Irresistible Pancake Poppers are delightful mini pancake bites baked to golden perfection. These bite-sized treats combine fluffy pancake batter with optional delicious add-ins like chocolate chips or berries, making them perfect for breakfast, brunch, or a fun snack. Stuff with nut butter for an extra surprise and serve warm with maple syrup or fresh fruit.

Ingredients

Scale

Dry Ingredients:

  • 1 cup all-purpose flour
  • 2 tablespoons granulated sugar
  • 1 teaspoon baking powder
  • 1/2 teaspoon baking soda
  • 1/4 teaspoon salt

Wet Ingredients:

  • 3/4 cup buttermilk (or milk + 1 teaspoon lemon juice)
  • 1 large egg
  • 2 tablespoons melted butter (plus more for greasing)
  • 1/2 teaspoon vanilla extract

Optional Add-Ins:

  • 1/4 cup mini chocolate chips
  • 1/4 cup chopped strawberries or blueberries
  • 1/4 cup nut butter (for stuffing)
  • 1/4 teaspoon cinnamon

For Serving:

  • Maple syrup
  • Honey
  • Fresh fruit
  • Powdered sugar

Instructions

  1. Preheat: Heat the oven to 375°F (190°C). Grease a mini muffin tin well using butter or non-stick spray to prevent sticking.
  2. Dry mix: In a medium bowl, whisk together the all-purpose flour, granulated sugar, baking powder, baking soda, and salt to ensure even distribution of ingredients.
  3. Wet mix: In another bowl, whisk the buttermilk, egg, melted butter, and vanilla extract until the mixture is smooth and combined thoroughly.
  4. Combine: Pour the wet ingredients into the dry ingredients and stir gently until just combined; a few lumps are fine. If using, fold in mini chocolate chips or berries. Let the batter rest for 5 minutes for better texture.
  5. Fill: Spoon the batter into the mini muffin cups until about 3/4 full.

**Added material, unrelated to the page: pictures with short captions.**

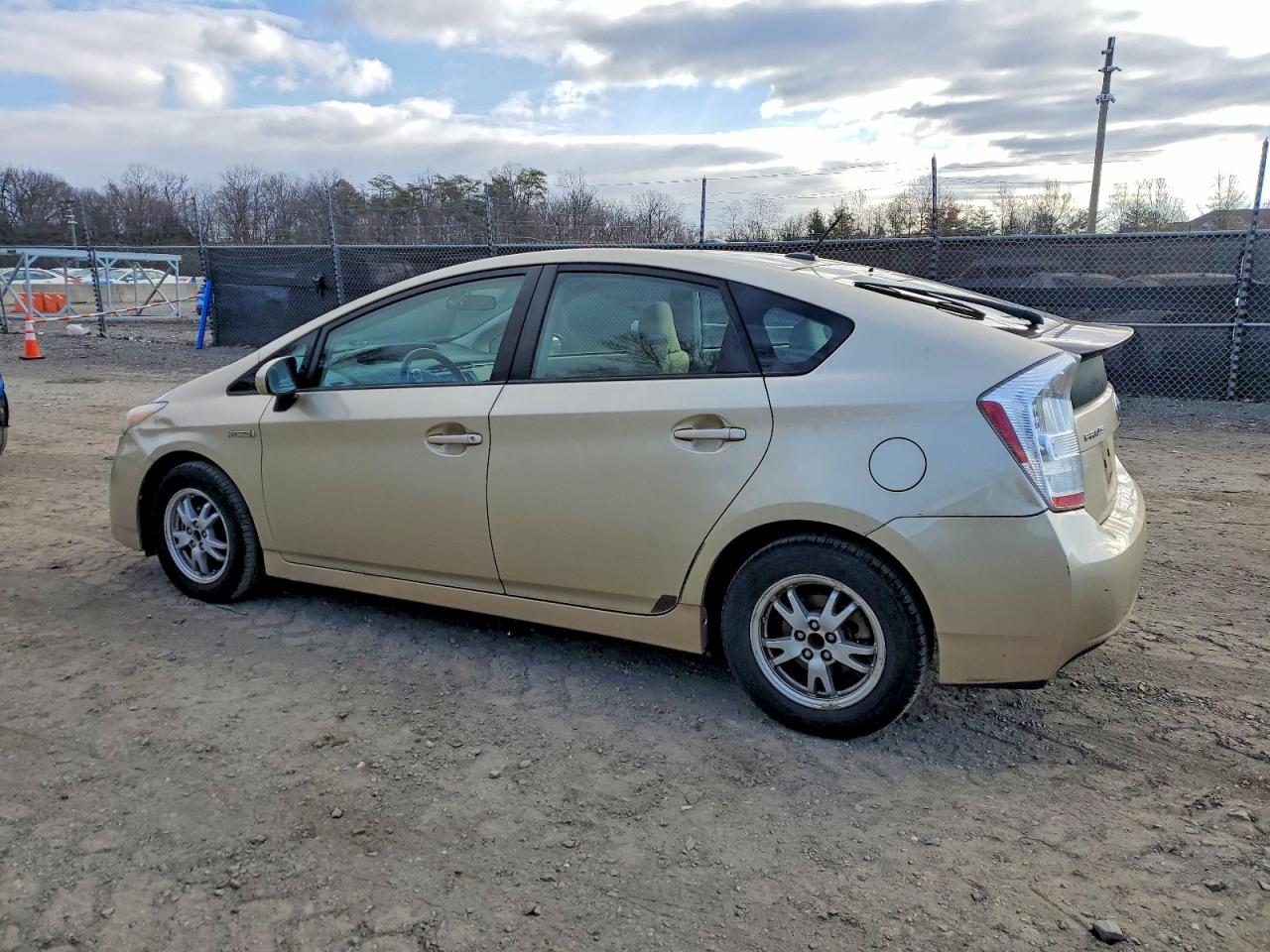 2010 TOYOTA PRIUS photo 2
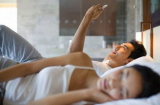 4 dấu hiệu bất thường trước khi ngủ chứng tỏ chồng đang ngoại tình, chị em nên lưu tâm
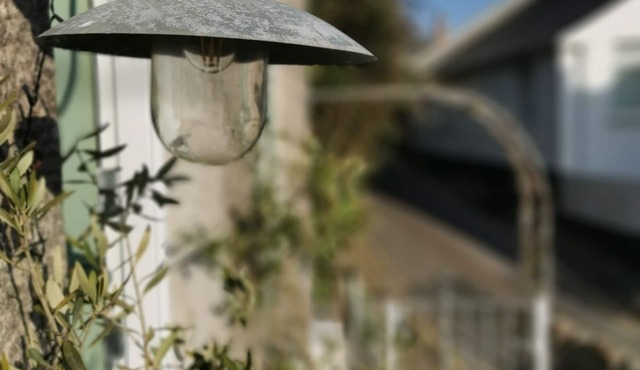 Winslow Cottage, Stylish Cosy Cottage with Spectacular Sea Views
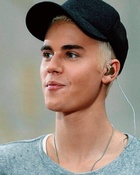 Justin Bieber : justin-bieber-1579389404.jpg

For stuffed poppers, fill cups halfway, place a small dollop of nut butter or jam in the center, then cover with more batter.
  6. Bake: Place the tin in the preheated oven and bake for 10 to 12 minutes, or until the poppers turn golden brown and a toothpick inserted comes out clean.
  7. Cool & Serve: Let the pancake poppers cool in the pan for 2 minutes before transferring to a wire rack. Serve warm with maple syrup, honey, powdered sugar, or fresh fruit as desired.

Notes

  • Do not overmix the batter to avoid dense poppers; gentle folding is key.
  • Ensure the oven is fully preheated before baking for even cooking.
  • Grease the mini muffin tin well to prevent popping out.
  • Do not overfill muffin cups; 3/4 full is recommended to avoid overflow.
  • Allow poppers to cool slightly before removing from the pan to maintain shape.
  • Flavor combinations: peanut butter + banana; chocolate chips + marshmallows; blueberries + lemon zest; apple + cinnamon sugar; cream cheese + raspberry jam; savory option with shredded cheese + diced turkey.
  • For serving, try skewering with toothpicks or placing in mini cupcake liners; set up a build-your-own topping bar for added fun.
  • Store leftovers in an airtight container in the refrigerator for up to 4 days.
  • Freeze poppers on a tray first, then bag tightly; keep frozen for up to 2 months.
  • Reheat in microwave for 15–20 seconds or bake at 300°F (150°C) for 5–7 minutes to regain crisp edges.
  • Alternative options: use pancake mix (bake same time), substitute gluten-free flour 1:1 for gluten-free version, or use plant-based milk and oil for dairy-free variations.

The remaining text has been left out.